The vote was not close: 135 to 20.

Keon still didn’t resign, even though this was his second no confidence vote. And yet the attempts by the board to save Keon’s job have been extraordinary. Most amusing is how everyone knows it’s racist, and yet, there is such a willingness to discount it as if there is no real infraction. Even national writers have taken on the “Poor Keon” tone, acknowledging racism but saying that Keon shouldn’t lose his job or be forced into retirement.

It’s a kind of gaslighting 2.0. It happened; we’re not going to pretend it didn’t happen. But we’re going to treat the perpetrator like it didn’t happen.

Everyone thinks about poor Chancellor Keon. No one thinks about people like Vicha Ratanapakdee, the 84-year-old Thai man who was killed in San Francisco on Jan. 28, 2021, after a man shoved him to the ground in a hate attack. Or Filipino American Vilma Kari in midtown Manhattan, who was knocked to the ground and kicked in the face as she was walking to church in 2021. Or another Filipino American, Noel Quintana, who was slashed with a knife across the face in a New York City subway.

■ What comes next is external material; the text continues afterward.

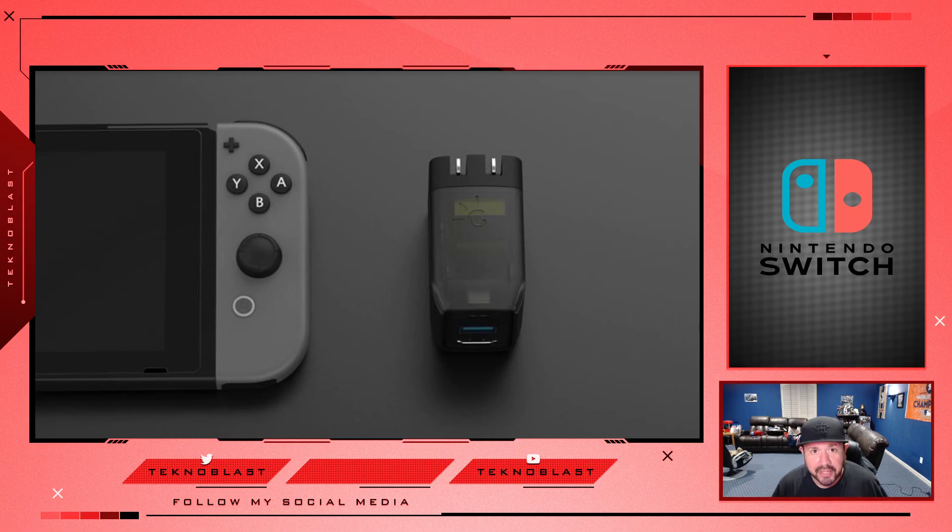You don't have to lug around that big clunky hefty dock or look for other third-party docks that may burn your Switch out. This one I can vouch for — it's great. If you can find it online, get it. If you're a big traveler and you want your Switch, you're at the hotel and you want to play on the big TV but don't want to carry around that big Nintendo dock, then this is what you want to get.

Asian American hate? It begins with that accent that “others” us and makes AAPIs vulnerable.

That’s what Keon knows he did. Once in public should be enough, but the Purdue Board of Trustees, though recognizing the racism, wants to see a pattern in Keon’s behavior before they go beyond a reprimand. And that’s where we are. A simple reprimand, your basic tap on the wrist.  

AAPI faculty members are outraged.

“There should be consequences for his behavior, and a reprimand is not the answer,” one faculty member of PNW emailed me. “His behavior is a trigger for many and is still disturbing. He should resign or be fired. I am still livid.”

I gave the faculty member anonymity to allow for full candor.

“I know many Asian faculty that have experienced micro-aggressions from students, faculty, and leadership,” my source told me. “This behavior triggered deep pain for my colleagues.”

And then the person admitted to experiencing micro-aggressions from a colleague. “I followed procedure [went to HR and reached out to my department chair]. The faculty member was tenured and nothing happened.”

That appears to be the way these things are handled at Purdue.

If the board of trustees won’t act, that leaves punishing Keon up to the new president , Dr. Mung Chiang.

Chiang is a young hot shot academic, a Hong Kong immigrant who went to Stanford, starred in engineering at Princeton, and was lured to head the engineering school at Purdue the last five years.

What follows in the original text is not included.